Tais-toi ! fais-je à la voix dans ma tête.

Je me maudis intérieurement, d'avoir cette pointe d'espoir, car je ne peux donner tort à la voix, malgré tout. Je n'ai pas vraiment regardé. J'avais presque honte qu'il me demande ça. 

Même si je ne devrais pas. 

« Paisajanea. Tu m'as entendu ? me demande Daëgan en s'approchant.
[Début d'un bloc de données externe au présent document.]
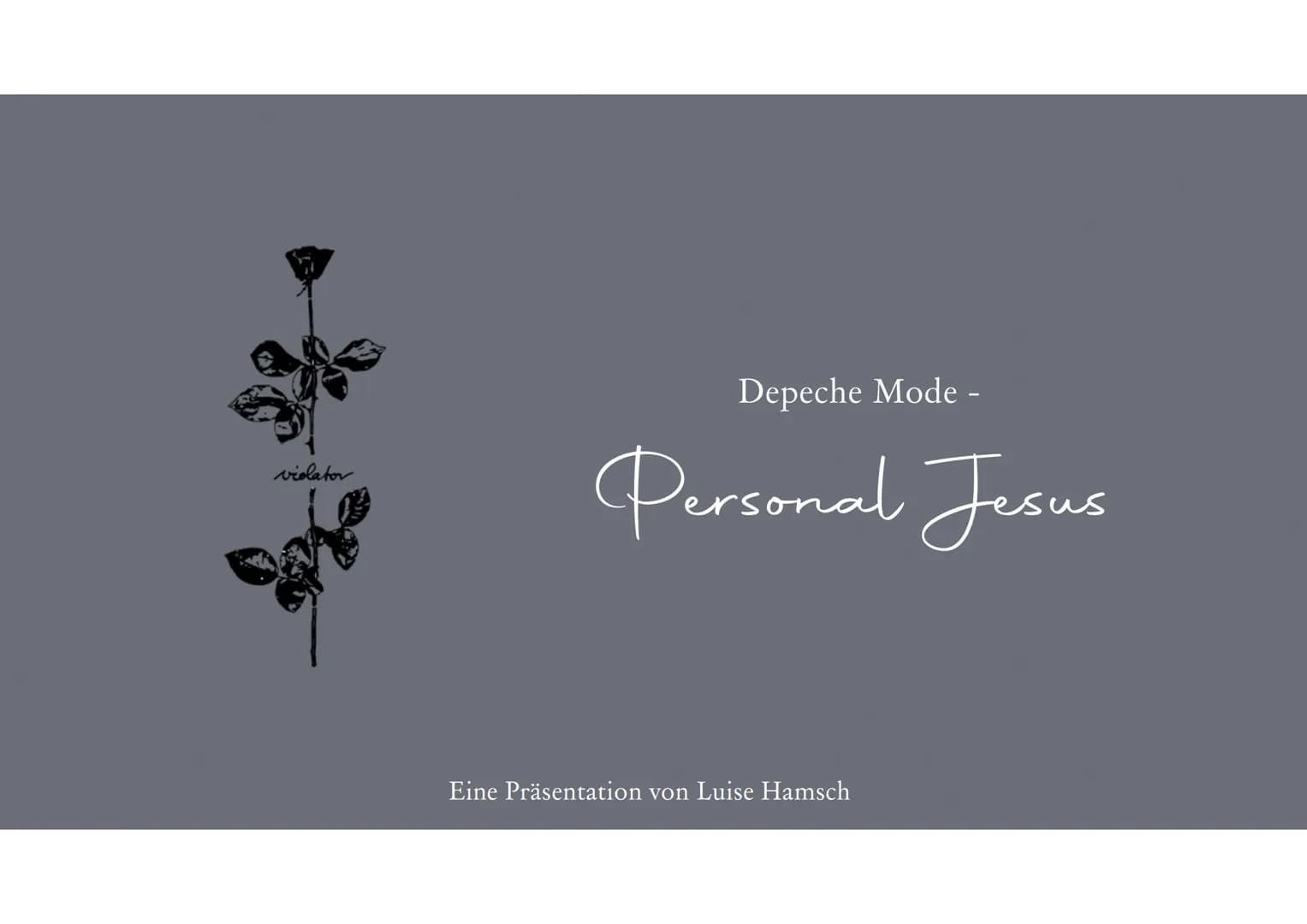 violator
Depeche Mode -
Personal Jesus
Eine Präsentation von Luise Hamsch Gliederung
Allgemeine Informationen
Songtext
●
●
●
Wichtige Stelle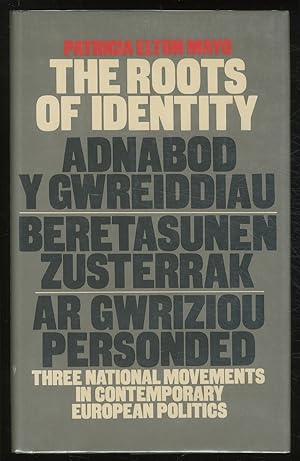 Imagen del vendedor de The Roots of Identity: Three National Movements in Contemporary European Politics a la venta por Between the Covers-Rare Books, Inc. ABAA
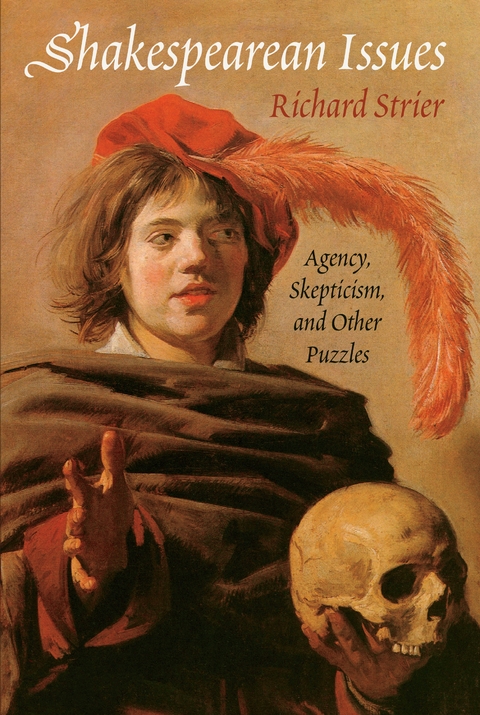 Shakespearean Issues -  Richard Strier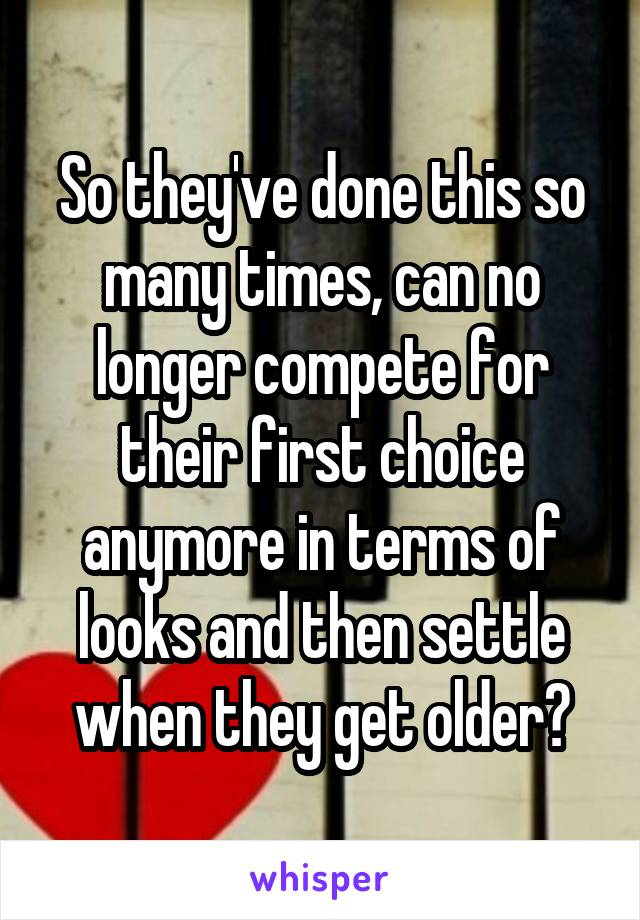 So they've done this so many times, can no longer compete for their first choice anymore in terms of looks and then settle when they get older?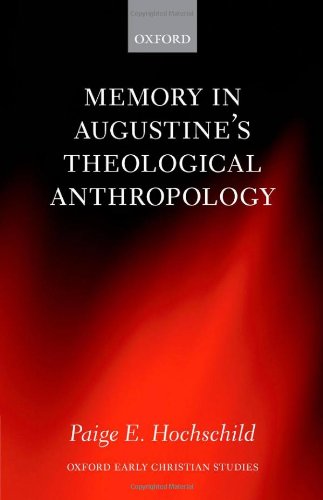 Memory In Augustines Theological Anthropology Paige E Hochschild
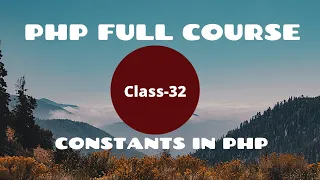 Constants in PHP PHP Tutorial for Beginners PHP Programming Language tutorial PHP - Full Course
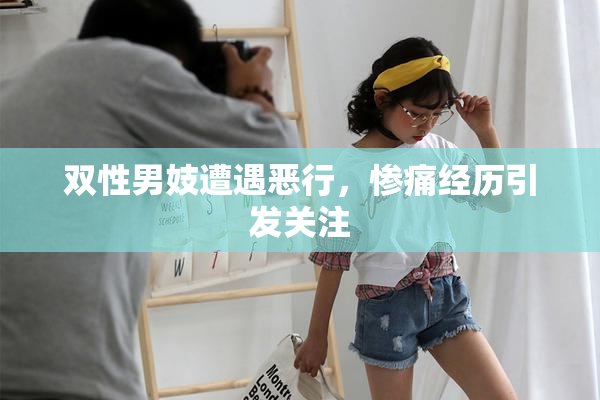 双性男妓遭遇恶行，惨痛经历引发关注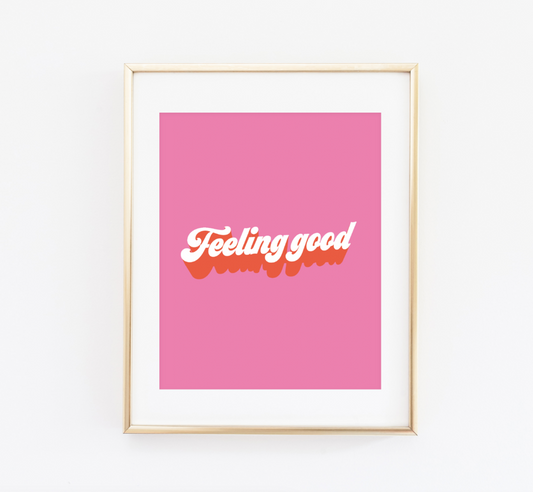 Feeling good print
—Qu'est qui te fait croire que ce n'est pas déjà peine perdue ? rétorquè-je en osant le regarder dans les yeux.

— Parce que je te vois encore, dit-il en s'approchant encore plus. Et crois-moi, même si je te méprise énormément, il y a un respect que je te dois, c'est d'être restée qui tu étais malgré toutes les moqueries reçues à cause de ton don.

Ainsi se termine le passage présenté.